The expected output is every record below, transcribed exactly, with the pictures left out.

**Input for this task**
..........

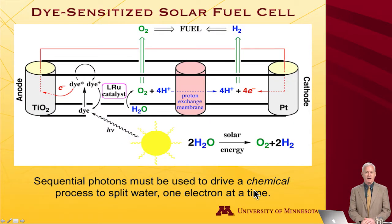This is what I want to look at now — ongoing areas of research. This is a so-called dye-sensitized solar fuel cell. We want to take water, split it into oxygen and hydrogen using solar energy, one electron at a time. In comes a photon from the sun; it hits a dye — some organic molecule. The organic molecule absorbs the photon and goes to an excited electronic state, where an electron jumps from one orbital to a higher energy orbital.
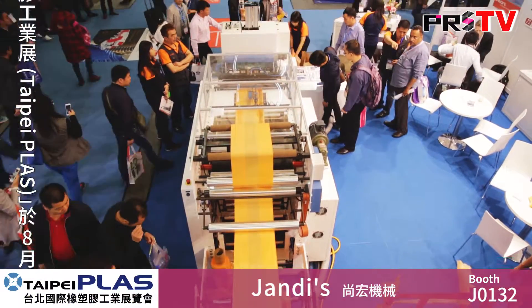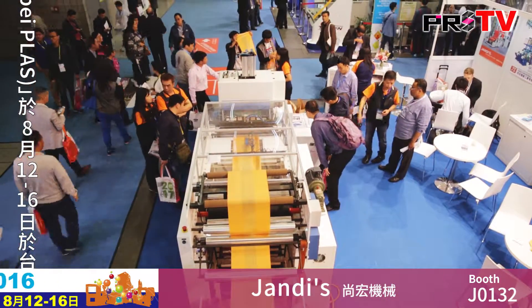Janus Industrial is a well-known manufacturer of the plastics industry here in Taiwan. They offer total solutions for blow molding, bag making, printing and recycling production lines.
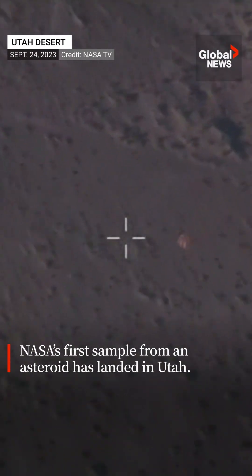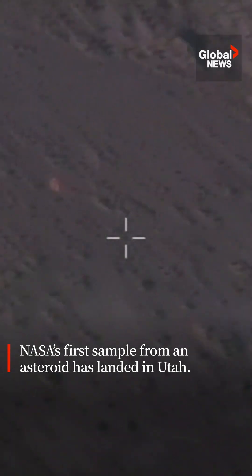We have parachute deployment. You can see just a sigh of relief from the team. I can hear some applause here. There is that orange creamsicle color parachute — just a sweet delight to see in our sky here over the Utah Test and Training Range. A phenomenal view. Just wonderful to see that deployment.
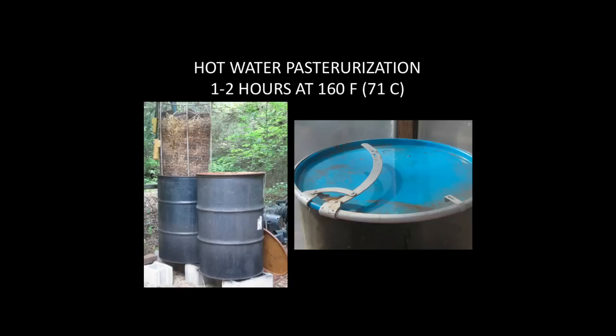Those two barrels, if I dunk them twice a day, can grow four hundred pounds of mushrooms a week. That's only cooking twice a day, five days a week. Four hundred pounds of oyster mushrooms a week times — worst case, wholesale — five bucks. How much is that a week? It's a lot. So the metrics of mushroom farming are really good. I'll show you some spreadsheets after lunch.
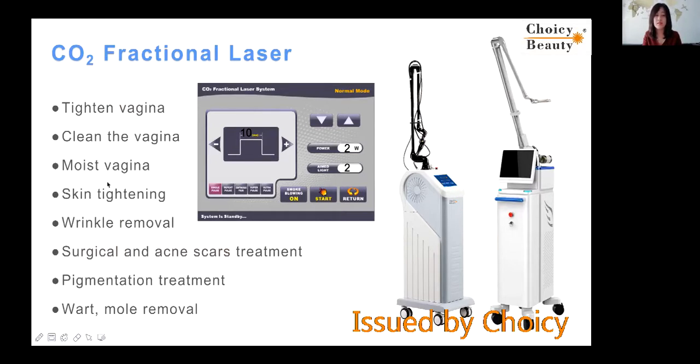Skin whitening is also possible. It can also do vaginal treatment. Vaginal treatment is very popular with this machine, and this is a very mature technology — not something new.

..........

**Response for this exercise**
This is what I want to look at now — ongoing areas of research. This is a so-called dye-sensitized solar fuel cell. We want to take water, split it into oxygen and hydrogen using solar energy, one electron at a time. In comes a photon from the sun; it hits a dye — some organic molecule. The organic molecule absorbs the photon and goes to an excited electronic state, where an electron jumps from one orbital to a higher energy orbital.
Janus Industrial is a well-known manufacturer of the plastics industry here in Taiwan. They offer total solutions for blow molding, bag making, printing and recycling production lines.
We have parachute deployment. You can see just a sigh of relief from the team. I can hear some applause here. There is that orange creamsicle color parachute — just a sweet delight to see in our sky here over the Utah Test and Training Range. A phenomenal view. Just wonderful to see that deployment.
Those two barrels, if I dunk them twice a day, can grow four hundred pounds of mushrooms a week. That's only cooking twice a day, five days a week. Four hundred pounds of oyster mushrooms a week times — worst case, wholesale — five bucks. How much is that a week? It's a lot. So the metrics of mushroom farming are really good. I'll show you some spreadsheets after lunch.
Skin whitening is also possible. It can also do vaginal treatment. Vaginal treatment is very popular with this machine, and this is a very mature technology — not something new.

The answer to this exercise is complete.